REPUBLIKA.CO.ID, SEMARANG -- Harga bahan bakar minyak (BBM) bersubsidi dinilai sangat mungkin naik seperti yang diwacanakan kenaikannya Rp 500 per liter setiap tiga hingga empat bulan sekali pada 2013. Hal itu disampaikan Ekonom Universitas Diponegoro FX Sugiyanto di Semarang, Senin (22/10).
Kenaikan harga BBM, menurut dia, sangat memungkinkan jika harga BBM di pasar internasional juga mengalami kenaikan dan usulan kenaikan harga BBM mendapat persetujuan dari DPR.
Kenaikan harga BBM bersubsidi tersebut diwacanakan oleh Kementerian ESDM karena tingginya harga minyak mentah pada periode Januari-September sebesar 114,1 dolar AS per barel, sehingga menjadi salah satu faktor membengkaknya anggaran subsidi.

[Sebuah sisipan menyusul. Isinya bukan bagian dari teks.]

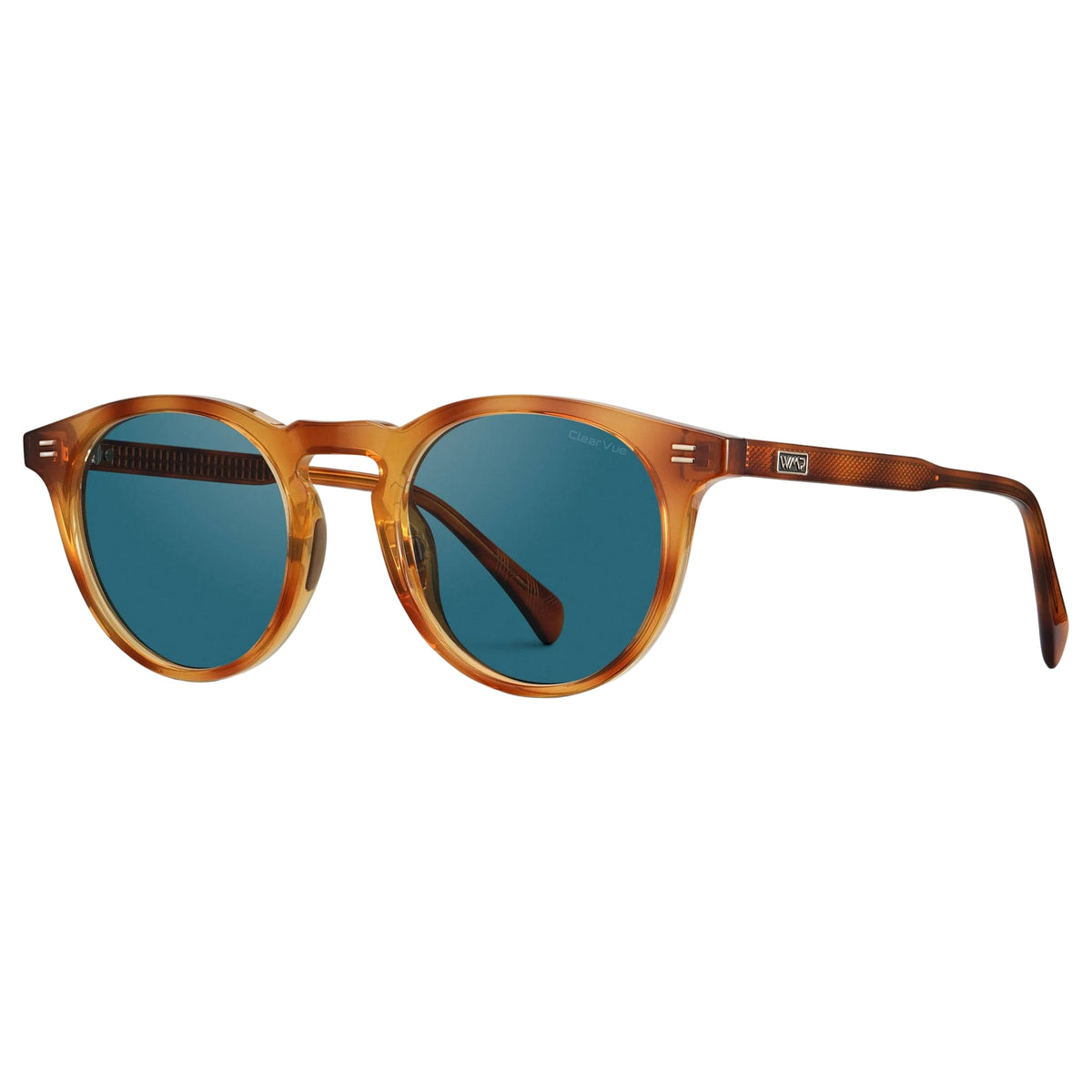 WMP Caddie Classic Round Polarized Golf Sunglasses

Menurut dia, jika berdasarkan sejumlah alasan kenaikan harga BBM di tingkat internasional tersebut dapat diterima secara rasional, tetapi belum tentu diterima jika dilihat dengan pertimbangan nonekonomis atau pertimbangan politis.

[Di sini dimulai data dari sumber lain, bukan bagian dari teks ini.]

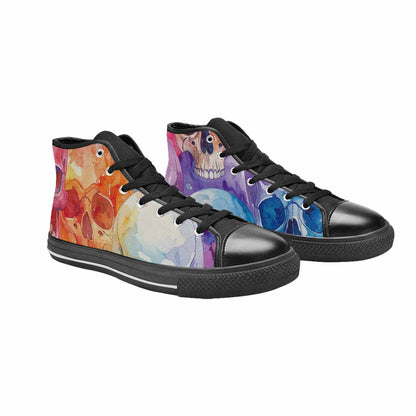 MEN'S Kulls - Watercolor High Top Canvas Aesthetic Shoes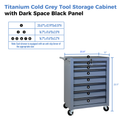 7-Drawer Rolling Tool Storage Cabinet - Titanium Cold Grey
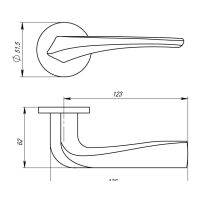 Ручка дверная ARMADILLO - Flame URS CP-8 (хром)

"Jika DPR menyetujui harga BBM bersubsidi naik, maka ada yang lebih penting yang perlu mendapatkan perhatian serius dari semua pihak yakni alokasi anggaran tahun 2013," katanya.

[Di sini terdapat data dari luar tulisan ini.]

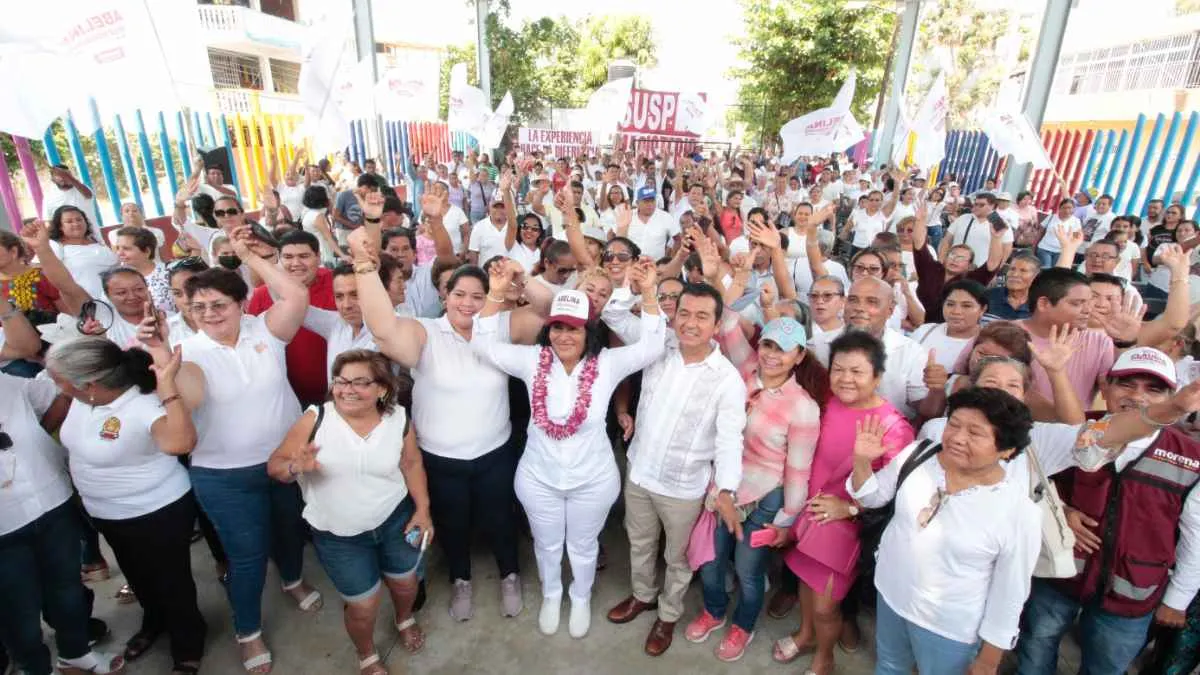 Respalda sección 14 del SUSPEG a Abelina López en Acapulco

Alokasi anggaran pada APBN perlu mendapat perhatian karena jangan sampai keinginan untuk menghemat anggaran dengan DPR menyetujui kenaikan harga BBM bersubsidi, tetapi DPR juga menyetujui anggaran yang bersifat memboroskan anggaran negara yang sifatnya memberi keuntungan kepada partai politik tertentu.
"Skenario tersebut sangat mungkin terjadi dan tahun 2013 adalah sangat krusial karena mendekati Pemilu, sehingga masalah efesiensi anggaran perlu mendapat perhatian serius," katanya.
Sejumlah hal yang perlu mendapat perhatian dalam alokasi belanja di antaranya berkaitan dengan bantuan sosial (bansos) dan hibah oleh kementerian yang anggarannya sangat dikendalikan oleh DPR. "Efesiensi anggaran sangat diperlukan. Jika kemudian harga BBM jadi naik, harus tetap dilakukan penghematan," demikian FX Sugiyanto.